_Problem to work on_:
Reproduce, exactly and in full, only the lines below from the one containing "Dorval Sour Power Belts Candy - Watermelon: 150-Piece" through the one containing "Rowan Summer Anthology".
═══ Exercise materials
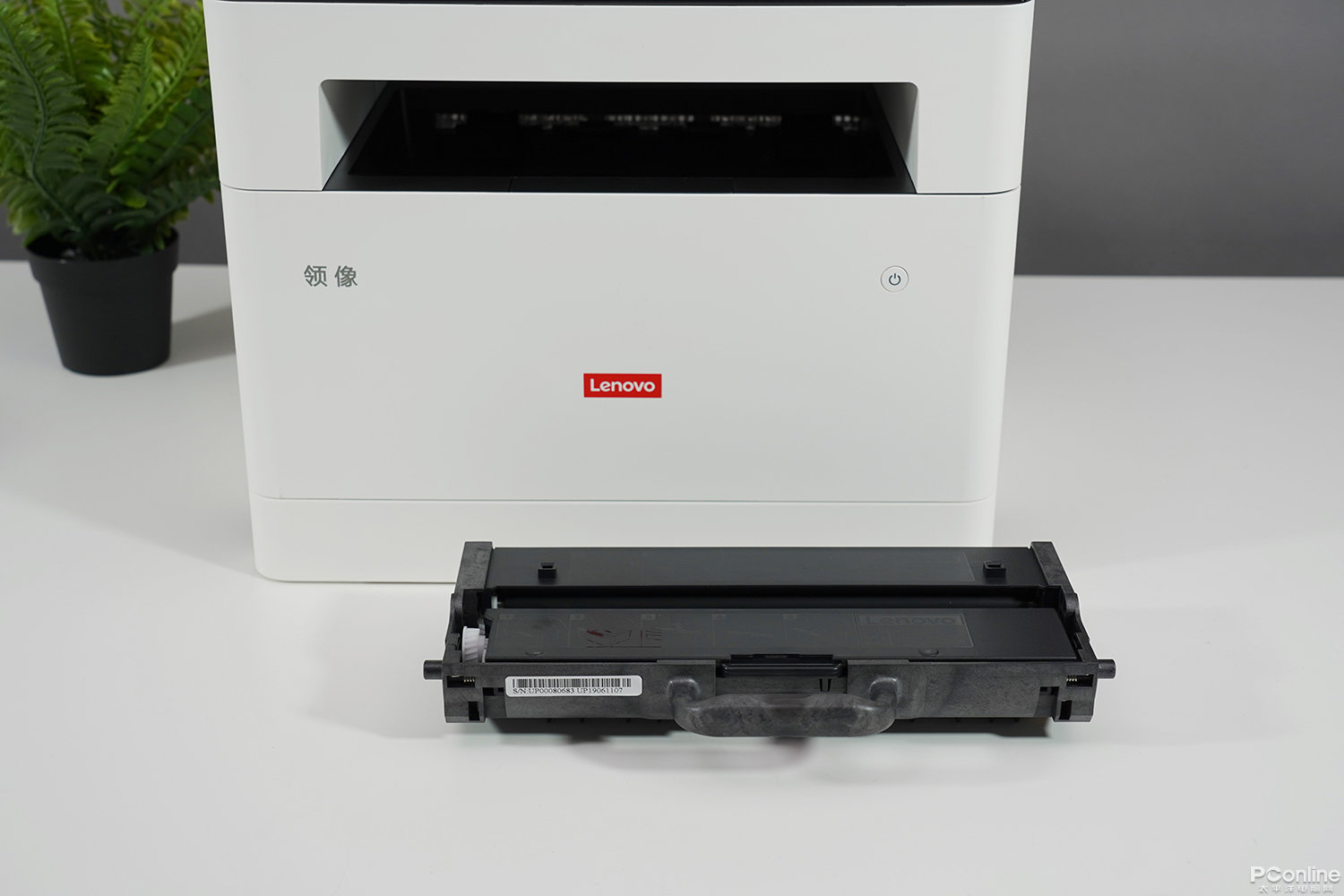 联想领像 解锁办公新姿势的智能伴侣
══════
═══ Exercise materials
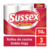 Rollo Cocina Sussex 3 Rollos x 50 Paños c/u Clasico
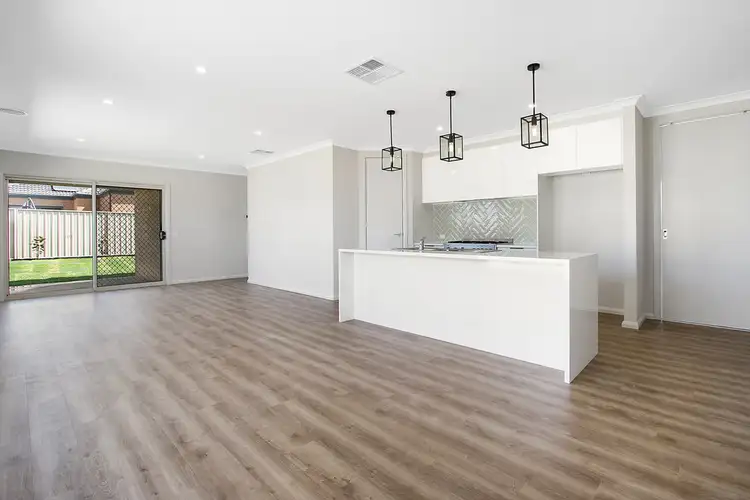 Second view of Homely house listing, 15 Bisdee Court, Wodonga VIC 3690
══════
═══ Exercise materials
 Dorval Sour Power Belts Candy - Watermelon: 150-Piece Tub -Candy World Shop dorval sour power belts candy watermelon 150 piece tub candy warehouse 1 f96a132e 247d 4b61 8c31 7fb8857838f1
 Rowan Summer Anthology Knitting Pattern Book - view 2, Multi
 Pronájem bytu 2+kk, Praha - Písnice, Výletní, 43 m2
══════
_Response_:
 Dorval Sour Power Belts Candy - Watermelon: 150-Piece Tub -Candy World Shop dorval sour power belts candy watermelon 150 piece tub candy warehouse 1 f96a132e 247d 4b61 8c31 7fb8857838f1
 Rowan Summer Anthology Knitting Pattern Book - view 2, Multi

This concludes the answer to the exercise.